Faculty Fast Facts: Dr. Moshe Bernstein, '62YUHS, '66YC, '69BR, '69R

Moshe BernsteinDr. Moshe J. Bernstein is Professor of Bible and Jewish History and the David A. and Fannie M. Denenberg Chair in Biblical Studies. He received his BA in Classical Languages from Yeshiva College (’66), his MHL in Semitics from Revel (’69), Smicha from RIETS (’69), and MA and PhD degrees in Classical Languages from Fordham University. He then did further graduate work in Bible at Revel.

Dr. Bernstein “literally grew up in YU,” on the corner of 186th and Laurel Hill, and he remembers running around what is now Zysman Hall as a small child. His father zt”l was a RIETS Rosh Yeshiva and YU professor.  After completing his graduate work at Fordham, Dr. Bernstein taught Classics at the University of Illinois in Chicago. He returned to YU in 1977 to continue his graduate studies at Revel, and has been a member of the YU Jewish Studies faculty since 1978. Additionally, Dr. Bernstein has taught in the graduate program in NYU’s Skirball Department of Hebrew and Judaic Studies for over a decade and has been a member of the International Editorial Team for the Dead Sea Scrolls. He just celebrated his 50th reunion with the class of 1966.


  1. What is your favorite aspect of your job at YU?

Aside from the actual teaching and the production of research scholarship (which you’ve got to love if you’re going to be a college teacher), I particularly relish the opportunity furnished by the fields I teach to encourage students to understand fully the integrated mission of the Yeshiva and the University, an activity that takes place as much outside of the classroom as in it.


  1. What profession did you think you would one day hold when you were a child?

I knew that I was going to be an educator, since that was, so to speak, the family profession, and I sensed fairly early that I wanted to teach on the college level.


  1. What books in Tanach do you enjoy teaching most and why?

In the Torah, I have an affinity for the book of Bemidbar, which depicts the transition between the generation of the Exodus and the generation of the Conquest. Elsewhere, I love teaching Tehillim, showing the relationship between its literary artistry and theological meaning; Qohelet which demands of its reader to think; Eichah which demonstrates that confronting God harshly in times of crisis is part of our tradition; and Ruth because it is such a polished literary work that is full of meaning.
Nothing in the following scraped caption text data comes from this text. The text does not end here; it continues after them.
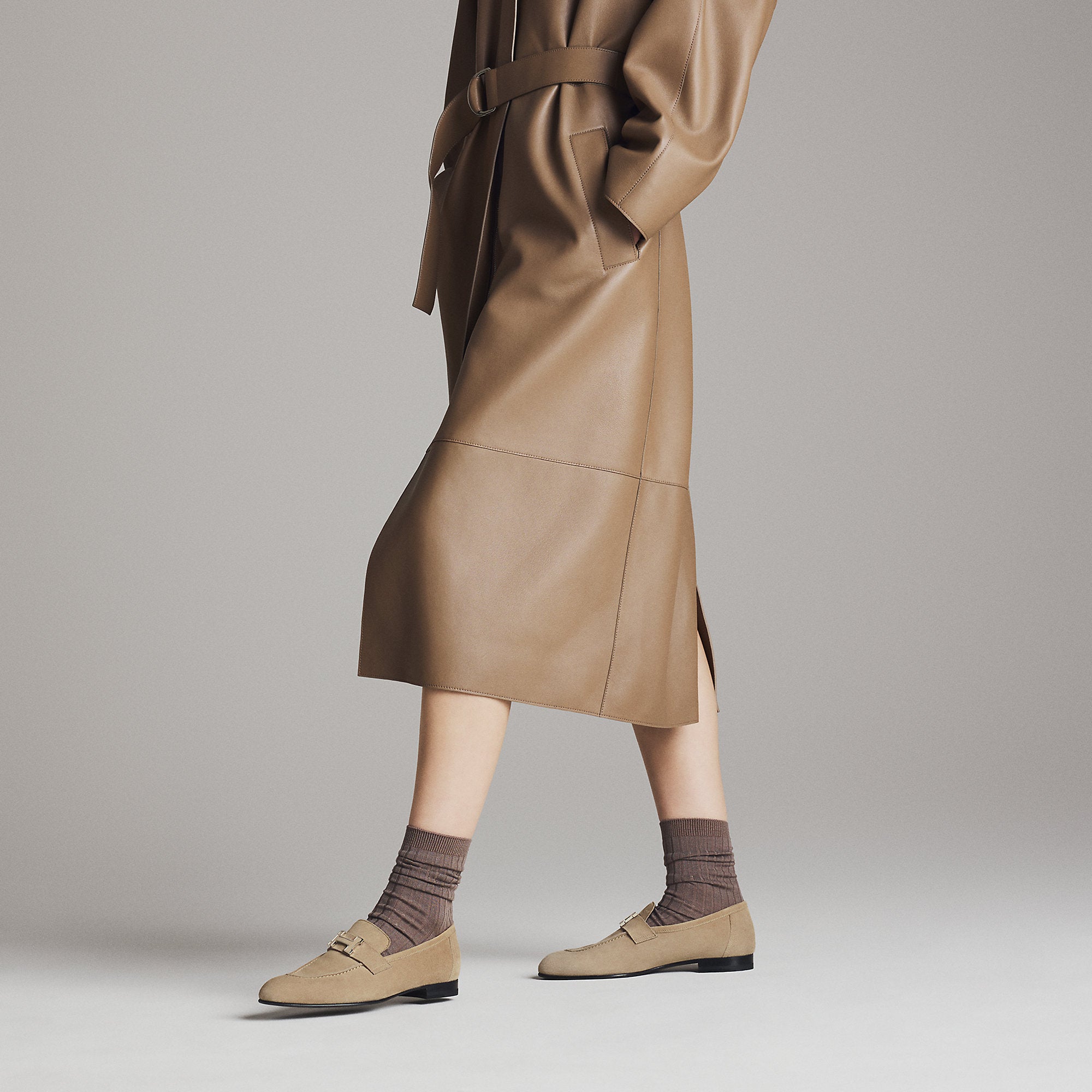  Hermes Paris Loafer Beige Sable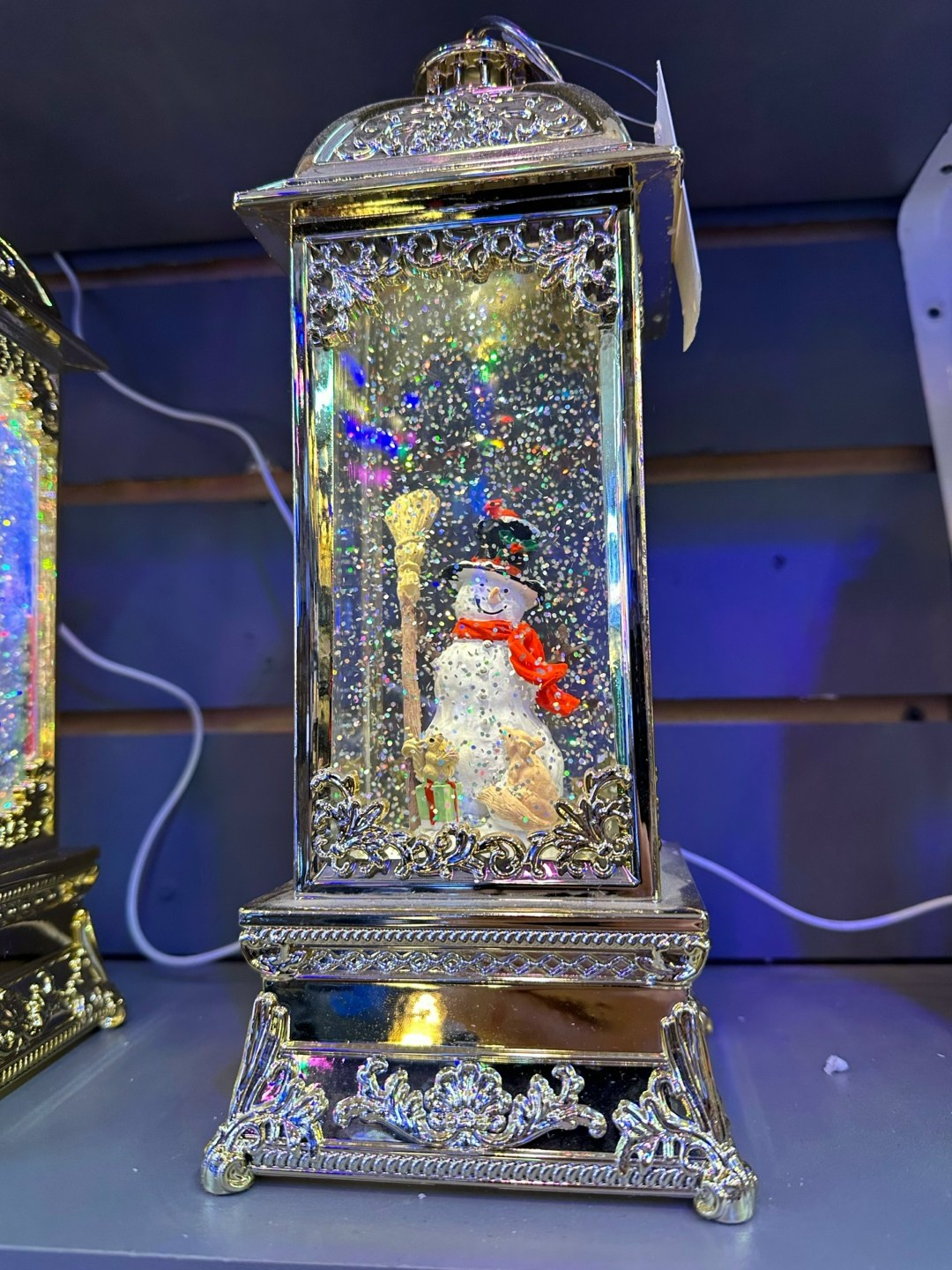 новогодний музыкальный фонарь светильник со,фонарь новогодний музыкальный светильник со снегом,новогодний фонарь светильник,новогодний фонарь,фонарь новогодний музыкальный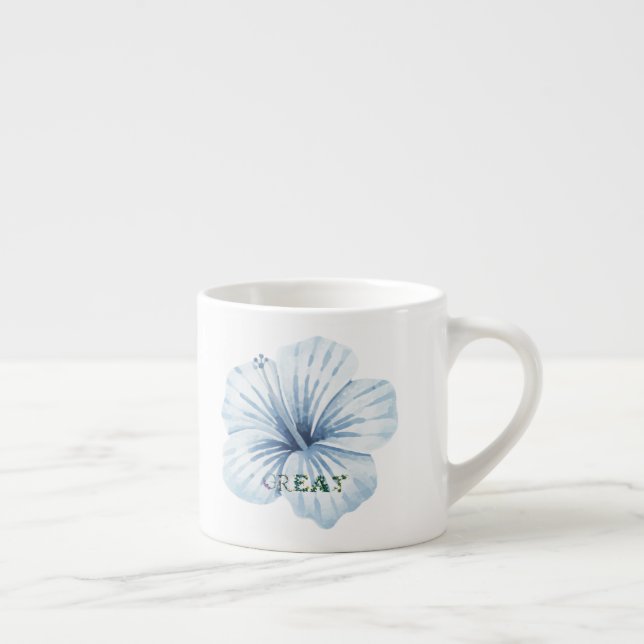 Tasse Expresso Superbe fleur (Droite)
  1. How do you maintain a relationship with all of your students once they graduate?

I believe that students have a lifetime right to call upon their teachers, although not all students choose to exercise that right. In past years, we’ve hosted students for Shabbat and held annual barbeques for alumni and their families. My office door remains open not just to current students, and my email address and phone number are not secret. I remain connected with many former students, especially the ones who are Jewish educators or Jewish academicians, many of whom I’ve mentored, and, of course, the substantial number who belong to Congregation Rinat Yisrael in Teaneck, as I do.


  1. What would your colleagues and students be surprised to learn about you?

I was a fairly successful tournament bridge player for several years in the 1970’s.